Def. For player $i$, a mixed strategy $\sigma_i$ is a probabilistic distribution over pure strategies $s_i$.

  • Based on the assumption of VNM utility, player $i$’s expected payoff $u_i$ is \(u_i(\sigma_i) = \int_Su_i(s) d\sigma(s)\)

  • We define the support of a mixed strategy $\sigma_i$ as: \(\text{support}(\sigma) = \{s_i \in S_i : \sigma_i(s_i) > 0\}\)

Def. (Mixed Strategy Nash Equilibruim) A mixed strategy profile $\sigma^\ast$ is a (mixed strategy) Nash equilibrium if for every player $i$​, \(u_i(\sigma_i^\ast, \sigma_{-i}^\ast) \ge u_i(\sigma_i', \sigma_{-i}^\ast), \forall \sigma_i' \in \Sigma_i\)

  • Prop. A mixed strategy profile $\sigma^\ast$ is a Nash equilibrium iff for each player $i \in I$, every pure strategy in the support of $\sigma^\ast_i$ is a best response to $\sigma^\ast_{-i}$.
  • Prop. If $\sigma^\ast$ is a Nash equilibrium, every pure strategy in the support of $\sigma^\ast_i$ yields the same payoff.

Iterative Elimination of Strictly Dominated Strategies with Mixed Strategy (ISD or IESDS)

Def. A pure strategy $s_i$ is strictly dominated if there exists a mixed strategy $\sigma_i’ \in \sigma_i$ such that $u_i(\sigma_i’ , s_{−i}) > u_i(s_i , s_{−i})$ for all $s_{−i} \in S_{−i}$ . It is equivalent to check $u_i(\sigma_i , \sigma_{−i}) > u_i(s_i , \sigma_{−i})$ for all $\sigma_{−i} \in \sigma_{−i}$.

In each step, we consider eliminate all dominated strategies.

Social Welfare and Pareto Optimality

Def. A strategy profile $s$ that maximizes social welfare is a social optimum.

  • Ingeneral, “social welfare” is hard to define since payoff for different players can’t be compared.

Def. (Pareto dominance) A strategy profile $s$ Pareto dominates $s_0$ if $∀i \in I$, $u_i(s) ≥ u_i(s_0 )$, and $∃i \in I$, $u_i(s) > u_i(s_0 )$. Intuitionally, no one’s payoff gets worse and someone’s gets better.
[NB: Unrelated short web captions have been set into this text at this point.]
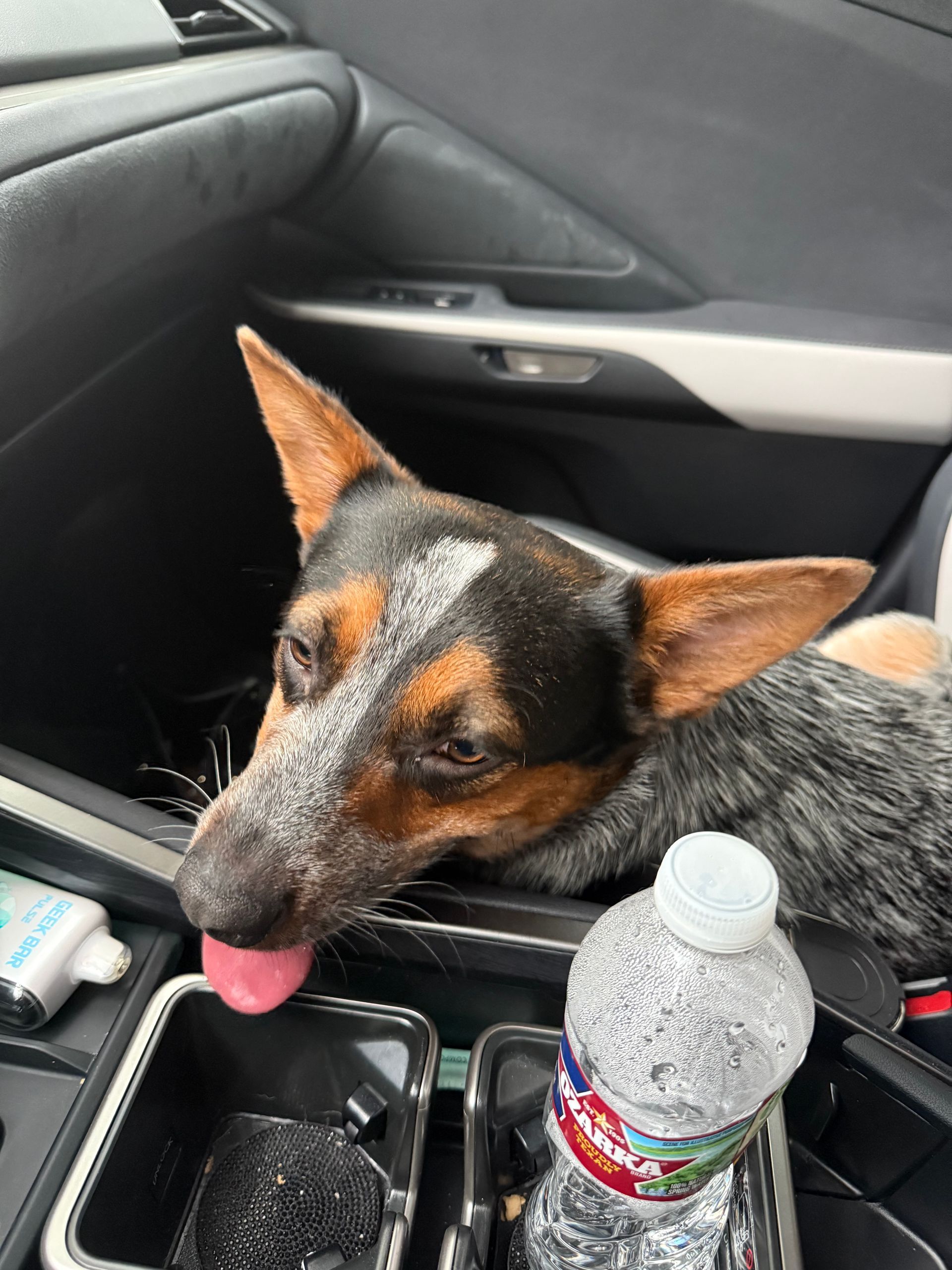 Black-and-tan dog with tongue out in a car seat beside a water bottle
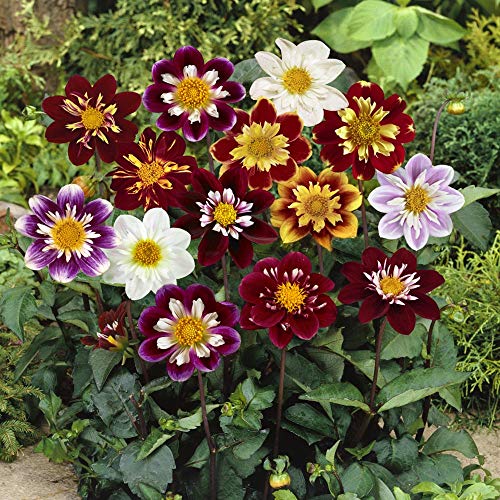 Outsidepride Dahlia Dandy Garden Cut Flower Seed Mix Great for Bouquets & Dried Floral Arrangements - 500 Seeds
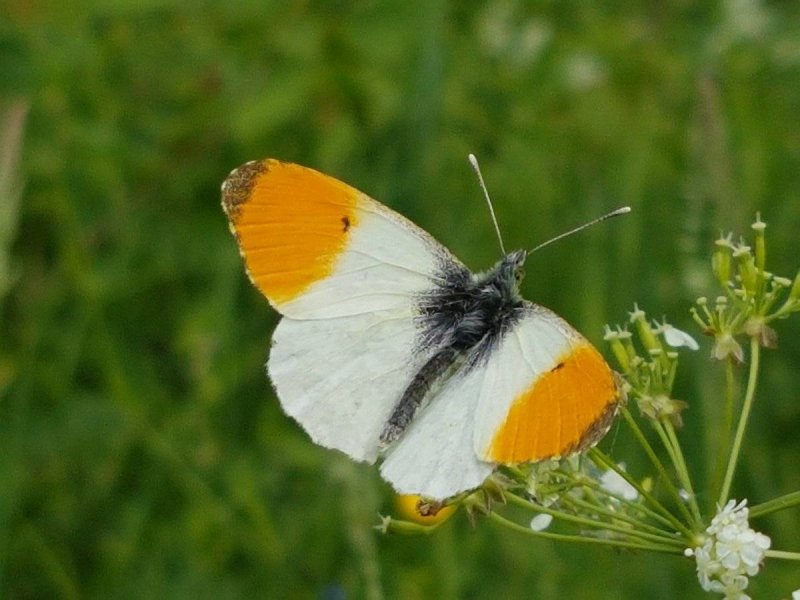 Лихнис Альпийский Лара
A strategy profile $s$ is Pareto optimal if it is not Pareto dominated.

  • Prop. There always exists at least one Pareto optimal strategy profile in a finite game, might be multiple. (Otherwise, there would be a cycle by finiteness)
  • Prop. A social optimum strategy profile $s$ is always Pareto optimal.

  • Kaldor-Hicks efficiency: When one’s improvement is larger than others’ lost, potentially reach Pareto improvement by compensation.

Rationalizability

Iterated elimination of strictly dominated strategy tells us what a player would NOT DO. But what would a player DO? A player will response to what he thinks other will do.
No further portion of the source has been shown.